The BCI

The role of insurance in managing and mitigating the risk

News   •   Mar 25, 2015 15:23 GMT

With 81% of large UK businesses and 60% of small companies suffering a cyber security breach in the last year, a new report published by the UK Government and Marsh entitled UK Cyber Security: The Role of Insurance in Managing and Mitigating the Risk has highlighted the exposure of firms to cyber attacks among their suppliers.

Cyber threats are estimated to cost the UK economy billions of pounds each year with the cost of cyber attacks nearly doubling between 2013 and 2014. The report found that, while larger firms have taken some action to make themselves more cyber-secure, they face an escalating threat as they become more reliant on online distribution channels and as attackers grow more sophisticated. The report issues a call to arms for insurers and insurance brokers to simplify and raise awareness of their cyber insurance offering and ensure that firms understand the extent of their coverage against cyber attack.

The cyber threat is also a very real for business continuity professionals with the Business Continuity Institute’s latest Horizon Scan report highlighting that cyber attacks are now perceived to be the number one threat to organizations. 82% of respondents to a survey expressed either concern or extreme concern at the prospect of this threat materialising.

The report recommends that organizations stop viewing cyber largely as an IT issue and focus on it as a key commercial risk affecting all parts of their operations, and that they examine the different forms of cyber attacks they face, to stress-test themselves against them and to put in place business-wide recovery plans.

The report also notes a significant gap in awareness around the use of insurance with around half of firms interviewed being unaware that insurance was available for cyber risk. Other surveys suggest that despite the growing concern among UK companies about the threat of cyber attacks, less than 10% of UK companies have cyber insurance protection even though 52% of CEOs believe that their companies have some form of coverage in place.

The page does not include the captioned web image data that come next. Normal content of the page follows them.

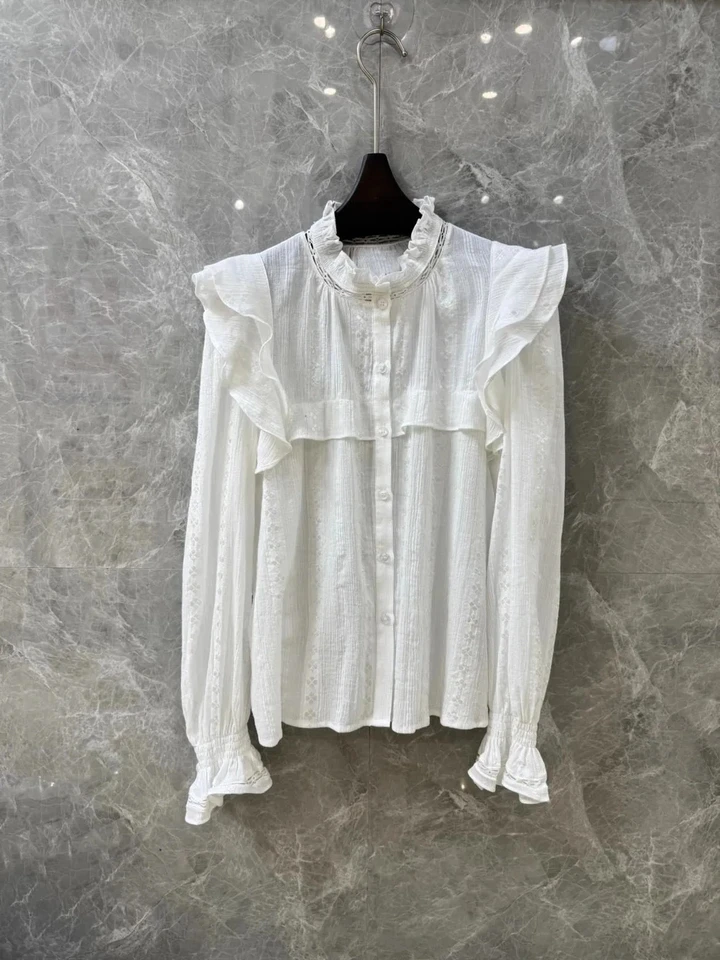 2024 Spring Summer New Women High Quality Hollow Long Sleeve Ruffles Shirt Blouse 2 Color for Ladies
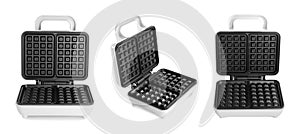 Set with modern electric waffle makers on white background. Banner design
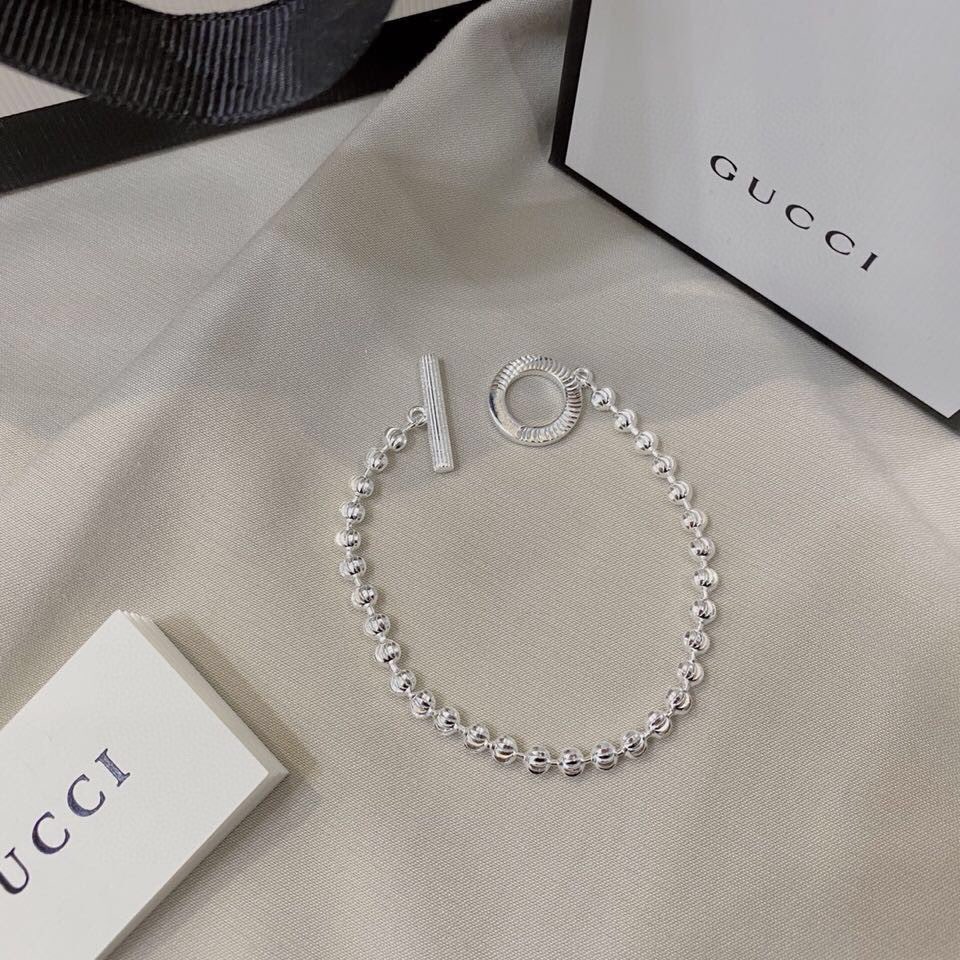 Gucci Silver Boule Chain Bracelet - PerfectKickZ
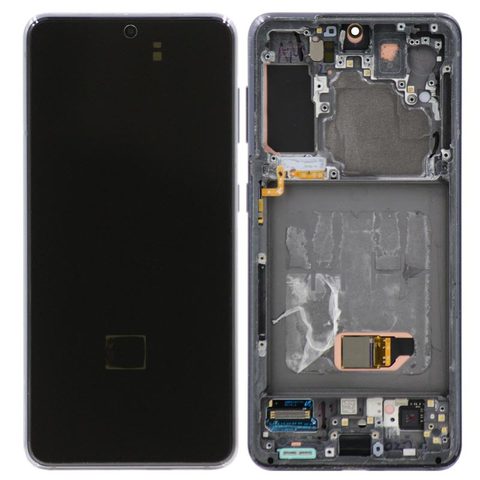Pantalla OLED con táctil + marco OEM Pull para Galaxy S21 (G991), Grado B Plus, Must Transfer Antenna for Verizon / Phantom Gray — imagen 1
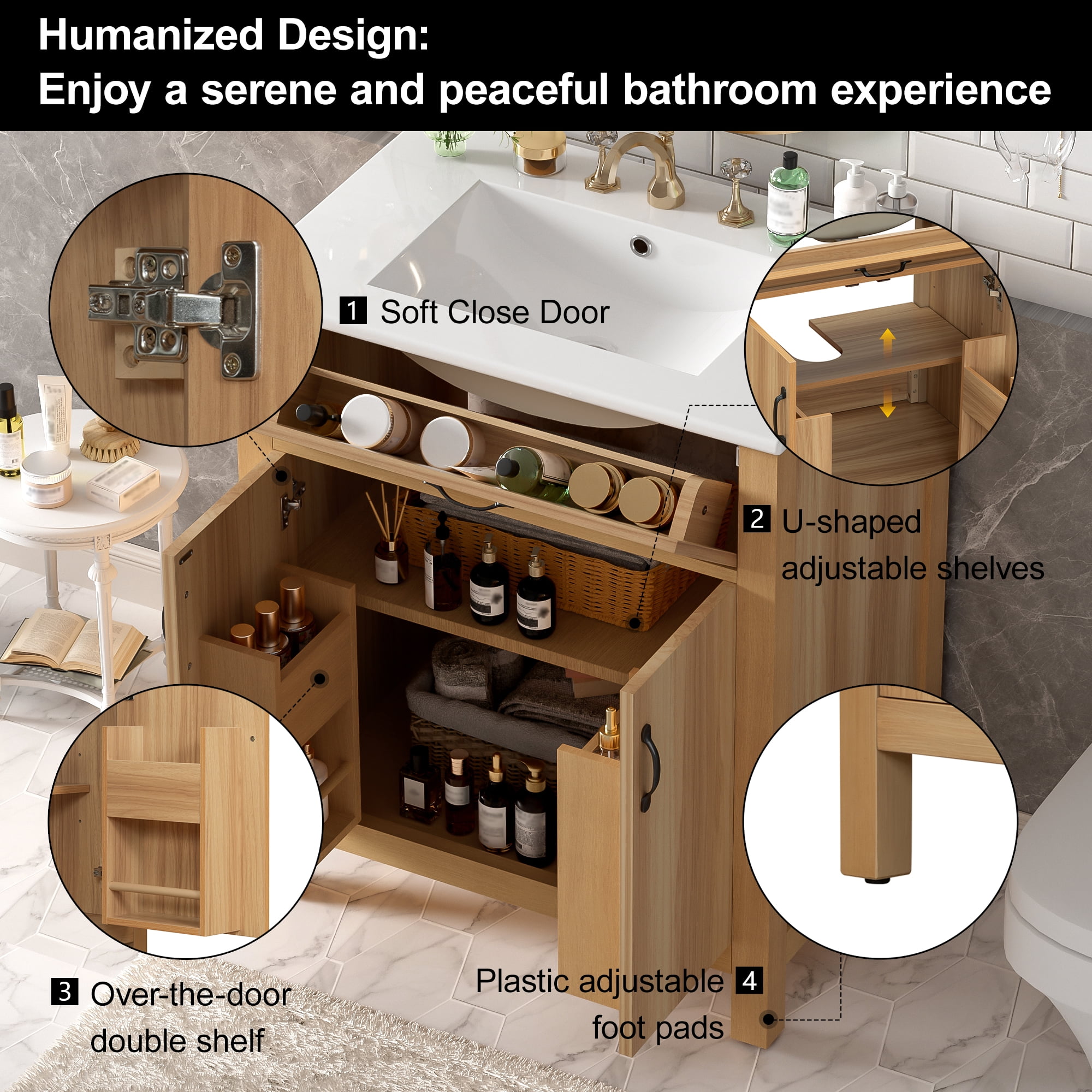 Euroco 30" Wood Bathroom Vanity with Solid Wood Frame, 2 Soft Close Doors,1 Flip Drawer, Adjustable Shelf, Modern Storage Cabinet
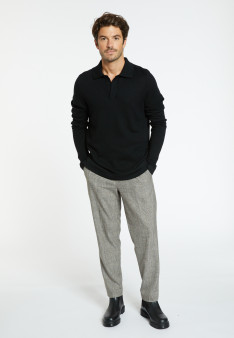 Long-sleeved polo shirt in merino wool - Sidney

Francis Maude, Minister for the Cabinet Office and Paymaster General, said: “Insurance is not a substitute for good cyber security but is an important addition to a company’s overall risk management. Insurers can help guide and incentivise significant improvements in cyber security practice across industry by asking the right questions of their customers on how they handle cyber threats”.

Mark Weil, CEO of Marsh UK and Ireland, added: “While critical infrastructure in regulated sectors, such as banks and utility firms, are used to this kind of risk, most firms are not and their risk management practices are geared around lower-level, slower moving risks. Companies will need to upgrade their risk management substantially to cope with the growing threat of cyber attack, including introducing disciplines such as stress-testing, and creating a joined-up recovery plan that brings together financial, operational, and reputational responses.”